Album Title: Expedition One
Label: AFM Records
Date of Release: 19 January 2024
It is the year 2055 and the world is in turmoil. A team of renegades headed by five ‘commanders’, plans to undertake a survival expedition to other planets, in the hope of transferring mankind from Earth to a new world. Thus begins ‘Expedition One’, the fourth full-length album of Metalite’s career to date, alongside a full-on concept of epic proportions.
The clientele remains the same from previous releases, meaning that the Swedish modern melodic Euro metal band is comprised of Erica Ohlsson (Vocals), Edwin Premberg (Guitar), Robert Örnesved (Guitar), Lea Larsson (Drums), Robert Majd (Bass).
I reviewed the quintet’s fifth release, ‘A Virtual World’ back in 2021 and was only mildly impressed by it. So, if truth be told, had it not been mentioned by so many people on social media platforms as an album to look out for in 2024, I may well have simply let it pass me by. As it is, I have dived into ‘Expedition One’, complete with its sci-fi concept, and stand ready to commit my thoughts to a review.
It pains me to say it, but ‘Expedition One’ is, sadly, one of the most generic and underwhelming albums that I have heard for a while. And it genuinely disappoints me to have to say this. I never like being negative about albums, but sometimes I have to be. I have listened to this record a few times over the course of the last few days and my feelings have remained the same. There is precious little about Metalite here that offers something new or different from other bands that play a similar brand of metal. That ‘brand’ is overtly melodic, modern power-infused ‘symphonic’ Euro metal, laced liberally with electronics, big choruses, and a strong vocalist in the form of Erica Ohlsson. In metal terms, it’s easy listening, saccharine ear candy. But, unlike the market leaders, Amaranthe for example, there’s simply no uniqueness, no gimmick, nothing to make it stand out from the crowd. I could be listening to one of any number of bands within the genre.
To put a positive spin on ‘Expedition One’ though, it is undoubtedly slick, well produced, and professionally performed. Ohlsson has a good voice and can certainly sing, whilst the musicians that surround her are equally adept and put in a tight performance with their chosen instruments. The choruses throughout are big, the riffs are chunky, and the generally up-tempo, driving rhythms are full of energy. Yes, you will nod your head or move about in appreciation of what you’re hearing, but it’ll not change your life. The title track that kicks things off is a solid enough slab of catchy, and energetic metal, and I will concede that Metalite are a better proposition when they slow things down a little. Songs such as the broodier, darker ‘Outer Worlds’ and stomping, chugging ‘New Generation’ bring with them a little more by way of charm and longevity.

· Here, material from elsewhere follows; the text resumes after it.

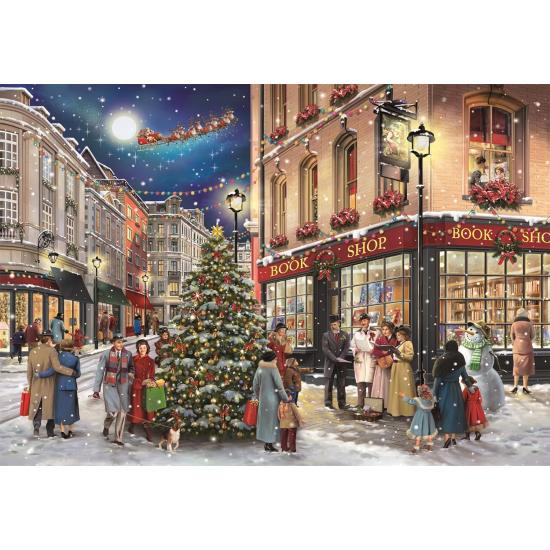 Puzzle Clementoni Une Promenade De Noël 1000 pièces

Unfortunately, for my tastes, the music just isn’t memorable enough, though. Too many songs like ‘CtrlAltDel’ and ‘Cyberdome’ are forgettable, average fodder that barely register a flicker. It takes until the fourteenth track and ‘Utopia’ to even get me to raise an eyebrow. And this is thanks to the instrumental piece featuring a very good, extended lead guitar solo, full of nuance, feeling, and energy. But, for the most part, when the pace is increased, I completely lose interest. Yes, there are hooks, yes there are big melodies, but the minute the album is over, I remember next to nothing about any of the songs. Plus, being comprised of no fewer than sixteen tracks, there is far too much average music to wade through here.
There will be a large number of people who read this review and vehemently disagree with me. There will be a sizeable sector of the metal community who will take ‘Expedition One’ to their hearts and will flock to their live shows in support of the Swedish five-piece. I get that, I really do and each to their own. But I do have to question why, when there are, in my opinion, better bands out there. Nevertheless, it’d be a dull world if we all agreed on everything. So, if you have a love of shiny, sparkly, and melodic Euro metal that does everything it should, Metalite’s new album will do you very nicely indeed. For everyone else, you’ll want to look elsewhere, and quickly.